Na triste descida que dia e noite faço
Em viscosas mágoas, pesadas de vômitos
Que me jogam, nesse volume de detritos

Contaminando-me a todo instante, no raso
E no fundo, lembro, sem saber pra onde vou,
Manhãs e tardes naquelas vagas do amor.


*Cyro de Mattos é poeta e escritor premiado no Brasil e no exterior.

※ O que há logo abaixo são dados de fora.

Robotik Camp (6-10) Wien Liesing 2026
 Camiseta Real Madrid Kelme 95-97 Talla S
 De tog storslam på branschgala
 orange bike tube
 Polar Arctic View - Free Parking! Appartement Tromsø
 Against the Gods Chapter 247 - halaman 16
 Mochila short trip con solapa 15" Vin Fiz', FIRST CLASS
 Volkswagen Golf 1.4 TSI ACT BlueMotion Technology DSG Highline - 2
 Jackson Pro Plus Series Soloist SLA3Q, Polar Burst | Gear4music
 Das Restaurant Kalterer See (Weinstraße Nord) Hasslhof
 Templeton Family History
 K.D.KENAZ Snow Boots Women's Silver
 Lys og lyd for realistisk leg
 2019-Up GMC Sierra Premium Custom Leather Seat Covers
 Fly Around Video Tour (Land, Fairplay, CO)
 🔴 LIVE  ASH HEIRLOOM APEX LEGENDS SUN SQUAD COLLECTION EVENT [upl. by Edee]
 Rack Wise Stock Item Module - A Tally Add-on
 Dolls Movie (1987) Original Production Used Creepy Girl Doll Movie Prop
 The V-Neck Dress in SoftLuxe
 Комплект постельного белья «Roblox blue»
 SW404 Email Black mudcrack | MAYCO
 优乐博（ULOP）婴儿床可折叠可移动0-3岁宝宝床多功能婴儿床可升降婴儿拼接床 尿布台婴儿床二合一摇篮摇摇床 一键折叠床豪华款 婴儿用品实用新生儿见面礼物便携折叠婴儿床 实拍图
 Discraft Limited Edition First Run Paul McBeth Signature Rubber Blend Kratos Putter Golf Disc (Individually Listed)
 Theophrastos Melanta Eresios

Poeta Florisvaldo Mattos Opina Sobre Poema de 
Cyro de Mattos Que Fala da Agonia do Cachoeira

  
Sobre o poema Bilhete do Rio Cachoeira para o Prefeito Vane, o poeta, escritor e jornalista  Florisvaldo Mattos enviou  e-mail ao poeta Cyro de Mattos e teceu o comentário seguinte:

“Amigo Cyro:

Só eu e uns poucos mais, talvez sobreviventes, estariam à altura de ler este seu soneto marcado de forte ânimo sensível e fazer as devidas ilações de alma que ele suscita, como depoimento de memória sentida, mas no fundo revoltada, indignada, pois foi neste venerável Rio Cachoeira que passei saudáveis horas de minha adolescência primeira, entre os 13 e os 17 anos, nadando com irmãos e diletos amigos, seja no Poço da Pedra do Gelo, em frente à futura Praça Camacã (não sei que nome tem hoje), seja nos poços da antiga pinguela de acesso ao Bairro da Conceição, defronte à balaustrada da Praça Olintho Leone, onde ficava a sede antiga da prefeitura.
Lembrando daquele rio heróico  e sentindo o canto amargo e lamurioso de seu soneto, na forma clássica, mas sem rimas, vejo que ele, o venerável Rio Cachoeira, caminha para o mesmo destino do Rio Mucambo, de Uruçuca, justamente antiga Água Preta do Mucambo, onde aprendi a nadar, nos idos da longínqua infância, hoje um triste curso de fedorento esgoto. Mas é isso, amigo, é no mais dos casos viver para sofrer...
Vai o meu abraço de sentimento solidário.

Florisvaldo”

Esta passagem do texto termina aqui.